Following your search, you locate an engineering draughtsman with the requisite skills that is willing to prepare technical drawings and build the prototype. A brief email interaction with the draughtsman ensues, and he agrees to the crucial step of signing a non-disclosure agreement (aha, so that’s what NDA means…) that you sourced from the internet, you agree to a price for their services, and start thinking about your imminent ascent into financial and social prosperity.
A few weeks later, and before you have had the chance to instruct your patent attorney to file a patent application, whilst idly paging through a popular mechanical magazine, you suddenly find, on page 29, the technical drawings of your concept for the whole world to see, causing you to choke on your overpriced double thick pumpkin seed cinnamon infused low fat almond milk latte. Once your confusion has subsided, and after spending some time contemplating on how they milk almonds anyway if they don’t have udders, you call your engineering draughtsman to advise that his computer has most certainly been hacked, phished and 419’d! He calmly responds by advising that his firewalls remain intact and impenetrable even by the NSA, and that he was, in fact, the publisher of the drawings.
In a state of disbelief and manic aggression, you immediately rush to your patent attorney’s office to instruct him to launch a law suit ipso facto forthwith to put it to the draughtsman that he has caused you to suffer millions in future income. You further instruct him to secure the services of the most senior Senior Counsel that money can buy for what is sure to be the trial of the century.
You patent attorney starts unpacking the problem. His first question is “why did you not file a provisional patent application to protect the concept?”. You answer that you were so excited and astounded by the imminent millions and the simplicity of the concept, you did not believe that it would be patentable, and did not give it more thought.

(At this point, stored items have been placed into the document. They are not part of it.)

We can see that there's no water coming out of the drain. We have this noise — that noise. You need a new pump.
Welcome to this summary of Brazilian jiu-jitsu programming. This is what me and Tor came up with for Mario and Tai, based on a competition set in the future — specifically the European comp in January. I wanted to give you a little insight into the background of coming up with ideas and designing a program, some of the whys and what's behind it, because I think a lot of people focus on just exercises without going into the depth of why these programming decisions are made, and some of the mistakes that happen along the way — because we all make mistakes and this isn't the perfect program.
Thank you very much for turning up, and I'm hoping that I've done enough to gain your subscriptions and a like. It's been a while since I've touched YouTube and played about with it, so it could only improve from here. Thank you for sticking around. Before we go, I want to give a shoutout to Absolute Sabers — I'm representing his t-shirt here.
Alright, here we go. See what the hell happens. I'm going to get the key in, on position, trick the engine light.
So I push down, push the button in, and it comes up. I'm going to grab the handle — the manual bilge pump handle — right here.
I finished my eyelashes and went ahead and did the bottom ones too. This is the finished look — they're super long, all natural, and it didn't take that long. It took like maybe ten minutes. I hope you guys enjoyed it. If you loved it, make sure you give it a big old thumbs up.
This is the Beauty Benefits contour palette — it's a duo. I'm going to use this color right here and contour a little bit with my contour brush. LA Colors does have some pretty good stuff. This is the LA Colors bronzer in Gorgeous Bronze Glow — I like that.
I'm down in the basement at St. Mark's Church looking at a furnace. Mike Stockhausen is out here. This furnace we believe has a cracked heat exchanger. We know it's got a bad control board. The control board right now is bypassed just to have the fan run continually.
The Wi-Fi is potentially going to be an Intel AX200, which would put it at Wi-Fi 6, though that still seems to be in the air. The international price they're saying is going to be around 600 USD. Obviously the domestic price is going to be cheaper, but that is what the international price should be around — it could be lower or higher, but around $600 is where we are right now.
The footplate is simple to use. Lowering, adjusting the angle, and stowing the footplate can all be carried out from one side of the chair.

Your patent attorney advises you that, unfortunately, the publication of the concept was in all probability destructive to your chances of obtaining patent protection, but that you fortunately still hold the copyright in the drawings due to the signature of the copyright assignment by the draughtsman. At this moment the blood drains from your face and you jokingly inquire what the result would be if you did not, in fact, sign a copyright assignment, to which your patent attorney advises you as follows:
In terms of section 1 of the Copyright Act 98 of 1978 (“the Act”), the author of an artistic work such as engineering drawings, is the person who first makes or creates the work (in this case, the engineering draughtsman).
Therefore, even if you instructed and paid the engineering draughtsman to reduce your thoughts to paper, the draughtsman remains the author (and thus owner) of the copyright in the drawing, and you can only obtain ownership by way of assignment, which, according to section 22(3) of the Act, must be in writing.
The author of a literary or musical work is similarly the person who first made or created the work. The author of your novel or biography would therefore own the copyright in such work, unless it is assigned to you in writing.
To avoid a person that you have contracted to create a literary, artistic or musical work on your behalf from owning the copyright therein, it is therefore imperative that you arrange for the assignment thereof to yourself by the author, and preferably before the work is produced and made available to the public. Better still: seek advice on all copyright, patent and trade mark endeavours from a qualified intellectual property attorney.
On another note, when authoring an article while employed, the writer is not the owner in view of a general assignment of all copyright and other intellectual property created by an employee during the course and scope of their employment to their employer. Such an assignment is often contained in a service contract, which is a completely legitimate assignment that exists in the majority of service contracts. If your employees’ service contracts do not contain a clause dealing with assignment of intellectual property, it offers another good reason to contact an intellectual property attorney to assist you.